Les juges du fond n’ont satisfait que partiellement les demandes de l’avocat et saisie d’un pourvoi en cassation, la juridiction suprême lituanienne a interrogé la Cour quant à l’interprétation à donner aux dispositions relatives à la protection des consommateurs contre les clauses abusives et plus particulièrement sur la portée de l’exigence de « rédaction claire et compréhensible d’une clause d’un contrat de prestation de services juridiques » ainsi que sur les conséquences à en tirer si le caractère abusif de la clause est retenu par le juge national.
La Cour
Pour ce qui est de la clarté et de la compréhensibilité de la clause en question, cela suppose, estime la Cour, que le contrat expose, « de manière transparente le fonctionnement concret du mécanisme auquel se réfère la clause concernée, de sorte que le consommateur soit mis en mesure d’évaluer, sur le fondement de critères précis et intelligibles », les conséquences économiques qui en découlent pour lui mais s’il peut être exigé du professionnel d’informer le consommateur sur « les conséquences financières finales de son engagement » qui dépendent d’événements futurs, imprévisibles et indépendants de la volonté du professionnel, les informations qu’il est tenu communiquer avant la conclusion du contrat doivent permettre au consommateur de « prendre sa décision avec prudence et en toute connaissance de la possibilité que de tels événements surviennent et des conséquences qu’ils sont susceptibles d’entraîner concernant la durée de la prestation de services juridiques concernée ».

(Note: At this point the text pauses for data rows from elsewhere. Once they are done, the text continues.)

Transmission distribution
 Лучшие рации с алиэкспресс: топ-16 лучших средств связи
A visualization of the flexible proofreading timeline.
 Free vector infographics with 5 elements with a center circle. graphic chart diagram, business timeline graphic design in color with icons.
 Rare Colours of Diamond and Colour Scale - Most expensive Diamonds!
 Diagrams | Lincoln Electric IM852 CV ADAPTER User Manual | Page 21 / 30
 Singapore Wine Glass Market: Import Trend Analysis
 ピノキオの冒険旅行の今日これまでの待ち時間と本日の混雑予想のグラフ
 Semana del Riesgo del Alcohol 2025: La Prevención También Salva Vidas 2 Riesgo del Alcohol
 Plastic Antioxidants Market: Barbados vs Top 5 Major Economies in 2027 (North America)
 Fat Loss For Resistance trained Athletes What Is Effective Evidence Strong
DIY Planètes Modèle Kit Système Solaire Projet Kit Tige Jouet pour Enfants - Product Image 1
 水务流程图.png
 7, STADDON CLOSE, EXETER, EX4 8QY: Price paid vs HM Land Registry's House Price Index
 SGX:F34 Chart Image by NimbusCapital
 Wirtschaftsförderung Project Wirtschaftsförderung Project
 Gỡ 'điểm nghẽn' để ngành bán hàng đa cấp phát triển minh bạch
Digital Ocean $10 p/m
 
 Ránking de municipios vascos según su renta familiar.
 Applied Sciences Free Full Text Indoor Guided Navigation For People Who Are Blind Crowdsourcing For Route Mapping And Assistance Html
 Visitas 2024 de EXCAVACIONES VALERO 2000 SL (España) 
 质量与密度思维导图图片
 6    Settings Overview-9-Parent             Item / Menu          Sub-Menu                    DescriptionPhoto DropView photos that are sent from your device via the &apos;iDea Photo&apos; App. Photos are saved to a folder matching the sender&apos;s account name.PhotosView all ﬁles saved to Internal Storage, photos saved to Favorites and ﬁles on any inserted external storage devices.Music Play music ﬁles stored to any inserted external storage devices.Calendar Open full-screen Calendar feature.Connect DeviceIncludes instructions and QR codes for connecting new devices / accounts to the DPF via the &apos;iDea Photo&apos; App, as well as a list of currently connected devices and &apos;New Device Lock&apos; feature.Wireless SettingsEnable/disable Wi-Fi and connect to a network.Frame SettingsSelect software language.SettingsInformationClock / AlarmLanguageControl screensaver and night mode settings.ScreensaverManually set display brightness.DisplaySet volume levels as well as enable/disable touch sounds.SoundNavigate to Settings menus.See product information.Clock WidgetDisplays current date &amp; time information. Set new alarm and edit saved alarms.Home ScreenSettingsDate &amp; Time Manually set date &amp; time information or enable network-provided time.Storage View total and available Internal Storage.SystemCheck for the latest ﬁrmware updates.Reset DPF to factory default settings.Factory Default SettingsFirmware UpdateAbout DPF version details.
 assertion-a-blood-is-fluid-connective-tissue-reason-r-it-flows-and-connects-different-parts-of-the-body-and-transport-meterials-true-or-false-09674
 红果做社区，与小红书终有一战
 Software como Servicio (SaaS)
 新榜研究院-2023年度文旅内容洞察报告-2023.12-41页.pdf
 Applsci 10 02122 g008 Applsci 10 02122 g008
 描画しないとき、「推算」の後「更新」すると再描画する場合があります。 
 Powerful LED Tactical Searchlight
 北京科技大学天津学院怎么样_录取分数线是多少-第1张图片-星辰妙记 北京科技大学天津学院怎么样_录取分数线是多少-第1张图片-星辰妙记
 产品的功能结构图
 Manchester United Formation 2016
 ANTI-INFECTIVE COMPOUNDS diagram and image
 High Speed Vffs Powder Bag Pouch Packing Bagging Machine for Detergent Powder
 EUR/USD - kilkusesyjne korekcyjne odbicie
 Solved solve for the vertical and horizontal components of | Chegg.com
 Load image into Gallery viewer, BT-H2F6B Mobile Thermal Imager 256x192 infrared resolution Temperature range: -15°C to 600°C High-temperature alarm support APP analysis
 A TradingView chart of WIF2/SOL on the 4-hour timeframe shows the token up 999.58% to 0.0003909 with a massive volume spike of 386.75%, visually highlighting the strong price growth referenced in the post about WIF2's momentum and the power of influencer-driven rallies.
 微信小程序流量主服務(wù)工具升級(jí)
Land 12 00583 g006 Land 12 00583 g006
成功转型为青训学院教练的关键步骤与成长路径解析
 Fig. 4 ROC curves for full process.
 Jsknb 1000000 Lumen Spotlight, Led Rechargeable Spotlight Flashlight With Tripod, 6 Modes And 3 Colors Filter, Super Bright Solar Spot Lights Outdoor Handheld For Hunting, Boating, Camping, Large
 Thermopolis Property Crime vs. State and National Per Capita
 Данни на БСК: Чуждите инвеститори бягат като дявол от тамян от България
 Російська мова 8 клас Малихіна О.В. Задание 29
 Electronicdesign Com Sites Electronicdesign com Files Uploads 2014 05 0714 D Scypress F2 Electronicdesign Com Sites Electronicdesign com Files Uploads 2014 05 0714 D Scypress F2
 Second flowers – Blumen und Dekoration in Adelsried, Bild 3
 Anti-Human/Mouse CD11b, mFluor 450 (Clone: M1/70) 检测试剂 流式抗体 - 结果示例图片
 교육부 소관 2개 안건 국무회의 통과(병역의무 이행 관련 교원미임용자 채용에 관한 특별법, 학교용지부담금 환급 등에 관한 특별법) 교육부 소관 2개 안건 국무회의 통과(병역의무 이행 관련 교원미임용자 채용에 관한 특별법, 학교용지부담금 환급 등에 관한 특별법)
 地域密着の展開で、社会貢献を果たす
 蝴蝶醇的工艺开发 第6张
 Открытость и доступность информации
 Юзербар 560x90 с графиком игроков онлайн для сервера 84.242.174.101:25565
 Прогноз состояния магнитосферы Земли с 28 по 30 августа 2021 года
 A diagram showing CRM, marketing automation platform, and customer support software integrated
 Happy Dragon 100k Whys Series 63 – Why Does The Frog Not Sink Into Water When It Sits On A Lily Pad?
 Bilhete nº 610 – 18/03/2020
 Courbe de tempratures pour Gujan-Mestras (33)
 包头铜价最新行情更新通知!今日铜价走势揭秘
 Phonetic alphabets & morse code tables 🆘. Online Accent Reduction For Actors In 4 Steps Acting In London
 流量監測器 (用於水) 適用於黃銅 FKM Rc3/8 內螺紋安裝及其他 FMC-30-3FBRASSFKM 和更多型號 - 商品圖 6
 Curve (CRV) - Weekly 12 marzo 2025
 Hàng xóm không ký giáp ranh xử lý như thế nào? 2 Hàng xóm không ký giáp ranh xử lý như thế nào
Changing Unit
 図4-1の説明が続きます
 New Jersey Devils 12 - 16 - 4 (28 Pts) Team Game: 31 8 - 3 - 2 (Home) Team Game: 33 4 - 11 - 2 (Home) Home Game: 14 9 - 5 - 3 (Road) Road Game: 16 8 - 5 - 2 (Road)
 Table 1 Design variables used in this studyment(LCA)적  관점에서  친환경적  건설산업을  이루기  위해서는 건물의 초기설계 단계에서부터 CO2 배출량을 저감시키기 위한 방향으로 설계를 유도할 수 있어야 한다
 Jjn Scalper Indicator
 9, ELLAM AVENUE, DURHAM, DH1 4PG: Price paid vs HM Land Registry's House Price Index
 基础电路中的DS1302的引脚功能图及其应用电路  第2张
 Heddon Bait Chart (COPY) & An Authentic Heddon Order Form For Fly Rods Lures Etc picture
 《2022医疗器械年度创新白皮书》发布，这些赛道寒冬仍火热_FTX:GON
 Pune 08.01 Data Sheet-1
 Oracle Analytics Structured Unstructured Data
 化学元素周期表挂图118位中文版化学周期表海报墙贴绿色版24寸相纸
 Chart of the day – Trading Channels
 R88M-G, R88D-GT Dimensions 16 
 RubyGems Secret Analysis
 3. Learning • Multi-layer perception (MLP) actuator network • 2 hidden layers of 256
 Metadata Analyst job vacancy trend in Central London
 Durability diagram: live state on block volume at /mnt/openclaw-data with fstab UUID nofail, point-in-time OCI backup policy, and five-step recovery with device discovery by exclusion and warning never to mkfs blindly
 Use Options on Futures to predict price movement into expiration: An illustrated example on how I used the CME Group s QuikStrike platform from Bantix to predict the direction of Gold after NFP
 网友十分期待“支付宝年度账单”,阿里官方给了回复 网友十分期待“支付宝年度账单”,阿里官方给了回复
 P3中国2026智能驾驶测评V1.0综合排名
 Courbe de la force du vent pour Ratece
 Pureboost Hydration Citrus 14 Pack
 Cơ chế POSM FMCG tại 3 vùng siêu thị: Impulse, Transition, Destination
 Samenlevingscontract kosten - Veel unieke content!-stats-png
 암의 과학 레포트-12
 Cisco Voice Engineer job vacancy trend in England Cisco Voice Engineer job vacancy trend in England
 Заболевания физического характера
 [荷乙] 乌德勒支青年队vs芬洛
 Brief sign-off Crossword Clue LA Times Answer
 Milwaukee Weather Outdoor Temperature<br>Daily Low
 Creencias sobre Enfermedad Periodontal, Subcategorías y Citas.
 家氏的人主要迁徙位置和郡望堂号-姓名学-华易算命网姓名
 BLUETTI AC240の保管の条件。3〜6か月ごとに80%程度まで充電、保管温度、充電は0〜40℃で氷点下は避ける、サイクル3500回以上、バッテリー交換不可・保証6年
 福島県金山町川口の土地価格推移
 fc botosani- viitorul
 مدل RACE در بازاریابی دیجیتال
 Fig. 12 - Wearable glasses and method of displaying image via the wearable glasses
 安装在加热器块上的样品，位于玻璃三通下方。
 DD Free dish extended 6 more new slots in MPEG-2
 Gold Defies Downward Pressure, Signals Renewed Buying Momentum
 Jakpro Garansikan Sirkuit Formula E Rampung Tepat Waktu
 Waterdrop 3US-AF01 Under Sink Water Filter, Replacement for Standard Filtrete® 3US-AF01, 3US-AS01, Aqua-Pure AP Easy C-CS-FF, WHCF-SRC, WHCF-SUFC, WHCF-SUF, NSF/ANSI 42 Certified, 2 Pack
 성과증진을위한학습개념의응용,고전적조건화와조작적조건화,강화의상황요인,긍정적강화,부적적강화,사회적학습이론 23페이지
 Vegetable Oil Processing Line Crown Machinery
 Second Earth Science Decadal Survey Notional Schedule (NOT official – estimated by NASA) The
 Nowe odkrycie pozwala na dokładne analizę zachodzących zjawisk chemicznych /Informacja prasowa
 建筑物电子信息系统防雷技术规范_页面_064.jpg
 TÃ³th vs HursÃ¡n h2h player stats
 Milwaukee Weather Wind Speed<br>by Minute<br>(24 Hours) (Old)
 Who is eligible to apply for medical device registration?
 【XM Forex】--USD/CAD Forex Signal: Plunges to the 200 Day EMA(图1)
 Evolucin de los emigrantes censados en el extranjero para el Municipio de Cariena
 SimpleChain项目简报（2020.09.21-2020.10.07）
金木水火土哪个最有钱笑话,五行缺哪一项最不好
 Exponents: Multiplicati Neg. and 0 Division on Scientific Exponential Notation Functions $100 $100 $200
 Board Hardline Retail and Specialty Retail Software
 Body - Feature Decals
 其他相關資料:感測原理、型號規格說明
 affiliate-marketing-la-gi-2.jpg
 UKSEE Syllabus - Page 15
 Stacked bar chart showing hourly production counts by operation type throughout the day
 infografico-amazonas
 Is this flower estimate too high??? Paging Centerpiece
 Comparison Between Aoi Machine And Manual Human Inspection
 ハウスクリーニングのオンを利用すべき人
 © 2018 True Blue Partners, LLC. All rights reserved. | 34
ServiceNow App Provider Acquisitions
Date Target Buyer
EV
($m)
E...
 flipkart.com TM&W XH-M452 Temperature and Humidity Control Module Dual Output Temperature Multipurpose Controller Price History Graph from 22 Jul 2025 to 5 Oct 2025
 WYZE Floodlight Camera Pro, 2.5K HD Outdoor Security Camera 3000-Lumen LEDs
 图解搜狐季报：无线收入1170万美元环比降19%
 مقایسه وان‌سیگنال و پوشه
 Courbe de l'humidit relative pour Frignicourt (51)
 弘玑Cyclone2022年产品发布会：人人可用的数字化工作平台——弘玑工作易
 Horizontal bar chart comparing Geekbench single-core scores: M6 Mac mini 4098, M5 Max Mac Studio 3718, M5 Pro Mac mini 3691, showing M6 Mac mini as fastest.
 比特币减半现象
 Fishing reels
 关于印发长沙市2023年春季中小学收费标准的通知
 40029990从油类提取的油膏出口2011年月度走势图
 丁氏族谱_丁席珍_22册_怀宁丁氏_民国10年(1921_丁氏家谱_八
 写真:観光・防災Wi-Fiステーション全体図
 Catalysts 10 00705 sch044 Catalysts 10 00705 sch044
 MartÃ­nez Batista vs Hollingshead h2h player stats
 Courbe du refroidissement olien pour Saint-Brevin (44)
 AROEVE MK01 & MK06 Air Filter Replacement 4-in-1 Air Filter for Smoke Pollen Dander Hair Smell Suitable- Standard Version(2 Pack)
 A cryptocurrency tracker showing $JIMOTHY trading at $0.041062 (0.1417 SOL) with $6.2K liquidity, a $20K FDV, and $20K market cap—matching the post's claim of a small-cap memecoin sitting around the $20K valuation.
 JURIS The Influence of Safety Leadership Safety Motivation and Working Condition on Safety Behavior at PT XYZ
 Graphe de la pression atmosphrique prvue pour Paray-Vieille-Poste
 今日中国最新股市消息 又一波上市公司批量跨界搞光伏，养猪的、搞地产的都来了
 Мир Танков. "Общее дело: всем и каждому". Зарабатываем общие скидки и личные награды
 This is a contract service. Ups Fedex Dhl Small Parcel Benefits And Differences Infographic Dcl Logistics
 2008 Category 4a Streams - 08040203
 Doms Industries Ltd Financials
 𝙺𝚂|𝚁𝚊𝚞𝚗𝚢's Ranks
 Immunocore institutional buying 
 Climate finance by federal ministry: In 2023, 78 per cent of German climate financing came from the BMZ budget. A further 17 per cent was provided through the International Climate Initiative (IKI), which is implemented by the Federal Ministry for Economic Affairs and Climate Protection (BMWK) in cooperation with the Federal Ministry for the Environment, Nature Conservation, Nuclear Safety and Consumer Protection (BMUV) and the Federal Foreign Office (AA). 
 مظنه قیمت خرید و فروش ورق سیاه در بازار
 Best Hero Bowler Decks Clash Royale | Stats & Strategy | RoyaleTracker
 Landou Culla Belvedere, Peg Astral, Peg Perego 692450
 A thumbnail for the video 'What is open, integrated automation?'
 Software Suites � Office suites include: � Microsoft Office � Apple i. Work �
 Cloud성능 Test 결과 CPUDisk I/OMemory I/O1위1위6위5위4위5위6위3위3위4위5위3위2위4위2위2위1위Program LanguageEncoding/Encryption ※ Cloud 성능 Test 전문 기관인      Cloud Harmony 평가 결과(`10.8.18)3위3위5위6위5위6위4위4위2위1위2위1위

Des informations qui peuvent varier, souligne la Cour, selon la prestation juridique à fournir et les règles professionnelles et déontologiques applicables, mais qui doivent comporter des « indications permettant au consommateur d’apprécier le coût total approximatif de ces services » telles, par exemple, une estimation du nombre d’heures prévisibles ou une facturation à intervalles raisonnables avec le détail des prestations accomplies et restant à accomplir.
La clause se bornant à mentionner le taux horaire, sans autres indications, est donc jugée contraire à l’exigence de rédaction claire et compréhensible.
Les conséquences de la nullité de la clause abusive sont variables et peuvent, selon le cas d’espèce, à l’appréciation du juge national, entraîner le remboursement des honoraires perçus par le professionnel ou la substitution à la clause nulle une « une disposition de droit national à caractère supplétif ou applicable en cas d’accord des parties ».